::: DATA SHOWN :::

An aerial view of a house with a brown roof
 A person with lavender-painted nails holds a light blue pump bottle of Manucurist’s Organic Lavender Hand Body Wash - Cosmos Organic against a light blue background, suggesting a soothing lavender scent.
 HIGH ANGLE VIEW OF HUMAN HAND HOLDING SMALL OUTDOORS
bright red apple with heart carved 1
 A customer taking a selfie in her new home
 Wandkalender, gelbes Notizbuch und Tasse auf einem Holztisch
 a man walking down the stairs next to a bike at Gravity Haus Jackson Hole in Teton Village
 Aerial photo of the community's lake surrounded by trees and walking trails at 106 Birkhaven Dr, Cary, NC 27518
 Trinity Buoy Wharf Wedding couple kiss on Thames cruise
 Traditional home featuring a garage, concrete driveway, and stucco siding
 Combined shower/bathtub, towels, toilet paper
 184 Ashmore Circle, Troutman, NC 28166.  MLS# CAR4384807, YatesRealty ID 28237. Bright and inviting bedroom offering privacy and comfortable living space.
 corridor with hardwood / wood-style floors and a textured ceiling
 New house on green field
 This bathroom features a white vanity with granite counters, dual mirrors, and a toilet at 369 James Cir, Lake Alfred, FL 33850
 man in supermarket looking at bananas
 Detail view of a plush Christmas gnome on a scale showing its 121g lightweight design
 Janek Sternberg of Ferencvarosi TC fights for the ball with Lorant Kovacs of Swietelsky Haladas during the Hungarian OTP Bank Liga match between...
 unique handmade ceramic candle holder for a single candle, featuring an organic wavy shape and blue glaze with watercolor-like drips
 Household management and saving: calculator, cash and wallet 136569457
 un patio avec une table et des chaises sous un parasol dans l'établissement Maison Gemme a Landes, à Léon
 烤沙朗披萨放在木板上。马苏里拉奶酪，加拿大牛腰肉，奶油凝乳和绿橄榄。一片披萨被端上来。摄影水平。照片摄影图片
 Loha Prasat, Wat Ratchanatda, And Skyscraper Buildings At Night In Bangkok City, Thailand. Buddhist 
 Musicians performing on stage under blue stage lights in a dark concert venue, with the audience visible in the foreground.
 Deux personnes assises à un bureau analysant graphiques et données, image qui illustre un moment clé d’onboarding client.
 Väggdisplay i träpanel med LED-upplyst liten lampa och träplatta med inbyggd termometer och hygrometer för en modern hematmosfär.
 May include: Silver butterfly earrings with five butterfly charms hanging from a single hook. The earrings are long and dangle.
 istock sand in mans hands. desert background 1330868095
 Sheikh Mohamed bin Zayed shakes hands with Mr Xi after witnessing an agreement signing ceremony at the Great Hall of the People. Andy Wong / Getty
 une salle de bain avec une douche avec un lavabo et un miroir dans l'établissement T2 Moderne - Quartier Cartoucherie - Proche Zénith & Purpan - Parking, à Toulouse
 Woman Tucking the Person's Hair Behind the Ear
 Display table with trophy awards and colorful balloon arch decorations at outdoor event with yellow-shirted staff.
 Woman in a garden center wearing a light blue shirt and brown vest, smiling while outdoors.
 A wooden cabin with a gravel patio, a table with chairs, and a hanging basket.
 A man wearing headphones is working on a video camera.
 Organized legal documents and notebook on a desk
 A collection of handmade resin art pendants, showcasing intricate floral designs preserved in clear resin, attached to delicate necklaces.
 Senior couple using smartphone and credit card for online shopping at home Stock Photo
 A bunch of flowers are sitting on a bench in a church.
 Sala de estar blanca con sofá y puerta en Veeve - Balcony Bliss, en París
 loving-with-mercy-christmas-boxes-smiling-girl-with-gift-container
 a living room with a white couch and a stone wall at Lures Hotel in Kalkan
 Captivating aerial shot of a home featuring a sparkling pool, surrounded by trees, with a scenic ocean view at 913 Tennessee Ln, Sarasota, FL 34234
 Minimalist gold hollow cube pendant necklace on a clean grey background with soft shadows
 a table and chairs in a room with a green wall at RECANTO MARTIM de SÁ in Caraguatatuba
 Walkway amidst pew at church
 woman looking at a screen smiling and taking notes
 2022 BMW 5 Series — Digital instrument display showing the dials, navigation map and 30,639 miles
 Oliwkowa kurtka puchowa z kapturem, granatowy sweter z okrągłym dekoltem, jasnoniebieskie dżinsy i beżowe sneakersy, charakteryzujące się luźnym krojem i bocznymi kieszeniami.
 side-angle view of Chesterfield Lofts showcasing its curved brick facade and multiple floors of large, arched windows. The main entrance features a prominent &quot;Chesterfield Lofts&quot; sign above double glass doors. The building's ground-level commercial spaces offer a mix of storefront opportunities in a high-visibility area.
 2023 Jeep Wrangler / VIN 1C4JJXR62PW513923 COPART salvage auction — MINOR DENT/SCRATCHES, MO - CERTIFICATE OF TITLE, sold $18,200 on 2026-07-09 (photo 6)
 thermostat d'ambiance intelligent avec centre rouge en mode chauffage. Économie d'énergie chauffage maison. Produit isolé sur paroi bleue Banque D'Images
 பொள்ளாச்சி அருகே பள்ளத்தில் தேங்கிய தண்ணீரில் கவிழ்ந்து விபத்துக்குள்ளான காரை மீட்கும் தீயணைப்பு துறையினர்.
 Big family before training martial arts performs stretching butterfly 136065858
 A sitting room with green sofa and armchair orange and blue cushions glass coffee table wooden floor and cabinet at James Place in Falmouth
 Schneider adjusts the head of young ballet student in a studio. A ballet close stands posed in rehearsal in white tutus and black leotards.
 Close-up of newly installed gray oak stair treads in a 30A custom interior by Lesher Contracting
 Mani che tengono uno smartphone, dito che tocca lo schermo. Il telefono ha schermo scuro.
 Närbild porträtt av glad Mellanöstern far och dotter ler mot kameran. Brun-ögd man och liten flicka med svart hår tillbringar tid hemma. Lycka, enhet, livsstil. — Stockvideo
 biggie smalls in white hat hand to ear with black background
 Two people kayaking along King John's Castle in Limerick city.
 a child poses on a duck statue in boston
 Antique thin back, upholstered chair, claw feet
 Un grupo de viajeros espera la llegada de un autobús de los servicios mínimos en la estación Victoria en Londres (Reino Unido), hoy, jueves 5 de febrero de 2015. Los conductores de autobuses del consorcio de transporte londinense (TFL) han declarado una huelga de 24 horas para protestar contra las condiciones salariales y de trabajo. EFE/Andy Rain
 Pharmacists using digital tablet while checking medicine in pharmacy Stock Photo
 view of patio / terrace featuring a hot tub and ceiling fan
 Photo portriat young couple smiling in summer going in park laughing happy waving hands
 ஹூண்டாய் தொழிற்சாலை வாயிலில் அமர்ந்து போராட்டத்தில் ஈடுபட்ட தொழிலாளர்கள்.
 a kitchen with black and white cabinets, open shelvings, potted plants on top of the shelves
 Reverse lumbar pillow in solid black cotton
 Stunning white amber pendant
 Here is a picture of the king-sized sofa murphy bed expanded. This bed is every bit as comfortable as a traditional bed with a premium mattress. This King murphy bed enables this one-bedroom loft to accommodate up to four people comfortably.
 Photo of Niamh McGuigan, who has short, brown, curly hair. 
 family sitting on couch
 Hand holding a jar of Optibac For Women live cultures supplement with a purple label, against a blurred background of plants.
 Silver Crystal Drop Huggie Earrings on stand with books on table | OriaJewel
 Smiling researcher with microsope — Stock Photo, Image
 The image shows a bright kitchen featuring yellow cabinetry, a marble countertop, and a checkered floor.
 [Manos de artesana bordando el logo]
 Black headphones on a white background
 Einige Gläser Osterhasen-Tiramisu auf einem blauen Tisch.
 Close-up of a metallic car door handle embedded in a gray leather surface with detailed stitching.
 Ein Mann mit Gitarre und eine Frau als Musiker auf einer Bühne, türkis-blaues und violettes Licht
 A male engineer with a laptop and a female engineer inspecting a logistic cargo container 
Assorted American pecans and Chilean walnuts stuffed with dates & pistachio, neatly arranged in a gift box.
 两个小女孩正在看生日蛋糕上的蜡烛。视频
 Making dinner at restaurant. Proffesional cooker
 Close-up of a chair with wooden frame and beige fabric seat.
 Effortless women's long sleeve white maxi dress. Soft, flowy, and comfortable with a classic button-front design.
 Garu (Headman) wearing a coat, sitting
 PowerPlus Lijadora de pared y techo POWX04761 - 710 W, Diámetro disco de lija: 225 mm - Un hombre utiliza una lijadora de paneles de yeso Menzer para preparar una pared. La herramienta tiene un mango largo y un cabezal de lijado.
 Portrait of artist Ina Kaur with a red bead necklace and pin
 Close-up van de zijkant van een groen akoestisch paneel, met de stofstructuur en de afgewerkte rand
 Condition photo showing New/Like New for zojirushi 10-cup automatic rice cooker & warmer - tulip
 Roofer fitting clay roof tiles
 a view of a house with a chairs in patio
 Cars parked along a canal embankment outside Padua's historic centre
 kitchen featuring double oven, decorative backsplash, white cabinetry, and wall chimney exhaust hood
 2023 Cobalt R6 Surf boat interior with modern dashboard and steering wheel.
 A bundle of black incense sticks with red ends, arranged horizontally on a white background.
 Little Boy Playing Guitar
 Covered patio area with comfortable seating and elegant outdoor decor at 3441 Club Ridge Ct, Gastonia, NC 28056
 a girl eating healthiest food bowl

:::

**WORK TASK:** Reproduce the entries above exactly, but only the lines between the line holding "Effortless women's long" and the line holding "Cars parked along", inclusive.

**THE ANSWER:**
 Effortless women's long sleeve white maxi dress. Soft, flowy, and comfortable with a classic button-front design.
 Garu (Headman) wearing a coat, sitting
 PowerPlus Lijadora de pared y techo POWX04761 - 710 W, Diámetro disco de lija: 225 mm - Un hombre utiliza una lijadora de paneles de yeso Menzer para preparar una pared. La herramienta tiene un mango largo y un cabezal de lijado.
 Portrait of artist Ina Kaur with a red bead necklace and pin
 Close-up van de zijkant van een groen akoestisch paneel, met de stofstructuur en de afgewerkte rand
 Condition photo showing New/Like New for zojirushi 10-cup automatic rice cooker & warmer - tulip
 Roofer fitting clay roof tiles
 a view of a house with a chairs in patio
 Cars parked along a canal embankment outside Padua's historic centre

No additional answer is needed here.